Phonetically Based Corpora for Anglicisms: A Tijuana–San Diego Contact Outcome
Round 1
Reviewer 1 Report
Comments and Suggestions for AuthorsThis study details the compilation of a corpus of English loanwords in the Spanish of Tijuana, Mexico, gathered from data elicited from spontaneous interviews, with a goal of analyzing the production and categorization of monophthongal vowels in monosyllabic loanwords. The authors observe that within some words, vowel quality approximates that of typical Spanish vowels, while in other words, it approximates North American English vowels. Based on this observation, the authors propose to divide their corpus into two distinct corpora, which the authors present as their primary contribution: one containing loanwords with adapted vowels, and another containing loanwords with unadapted vowels. The authors argue that their dataset poses a challenge for theories of loanword adaptation, as the choice of whether to adapt the vowel in a loanword appears to vary by lexical item rather than by the speaker's proficiency in English.
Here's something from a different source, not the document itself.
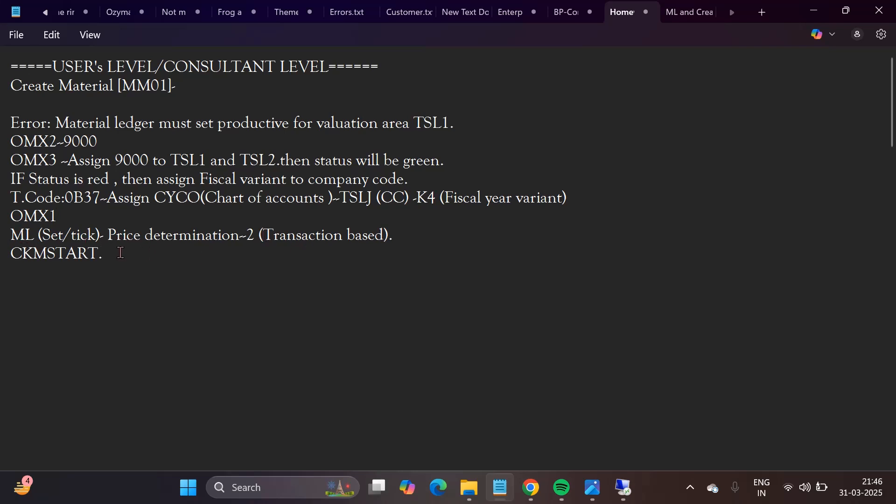Then we need to follow step two OEMX1 and the settings and CKMSTART. So these are all some of the details. If there are more related, the link will be there for it.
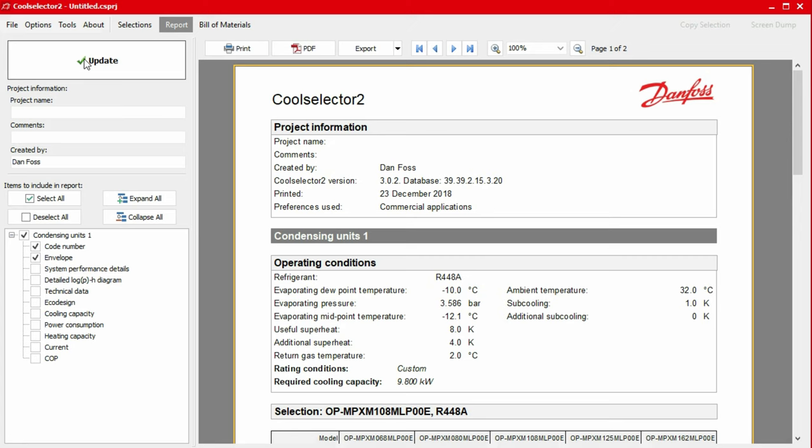Additionally, we have the option to add a project name, some comments as well as an author name to the report using the inputs on the top left-hand panel. Again, if you make a change here, then simply click the update button to apply these.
The compilation and presentation of such a corpus is a potentially valuable contribution to the literature, which offers only a few studies on the production of English vowels by Spanish speakers. However, there are some limitations with the study's writing, analysis, presentation of data, and engagement with previous literature that should be addressed before publication.
In particular:
- The main analysis is based on the authors' categorization of vowels, but the methodology used to do this is unclear, the presentation of descriptive statistics is incomplete or unclear, and inferential statistics are not possible with the study's small token count. The authors say they categorized vowels by taking average English and Spanish formant values from previous studies and determining which category each token vowel "approximated", but they do not appear to provide the target values for these categories (perhaps these are the "theoretical vowels" in Figure 2, but that is not clear), nor do they clearly specify what measurement they used to determine what category each vowel "approximated", nor do they acknowledge that formant values for a vowel category in practice are not point values, but statistical distributions that often overlap, problematizing the decision to categorize a vowel based on a single measurement. A more thorough presentation and discussion of formant value measurements could do a lot to improve this paper's contribution to the field. Currently, average formant values are presented in Figure 2 and individual formant values are presented in Table A2, but these are hard to read and do not provide information about within-category variation, which would be of interest to the reader and important to acknowledge when categorizing vowels. I also question the English vowel categories assumed, since the dialects these speakers likely have most contact with would be California English and Chicano English, which do not have necessarily have all of these categories: many speakers of California English, for example, do not contrast [É‘] and [É”].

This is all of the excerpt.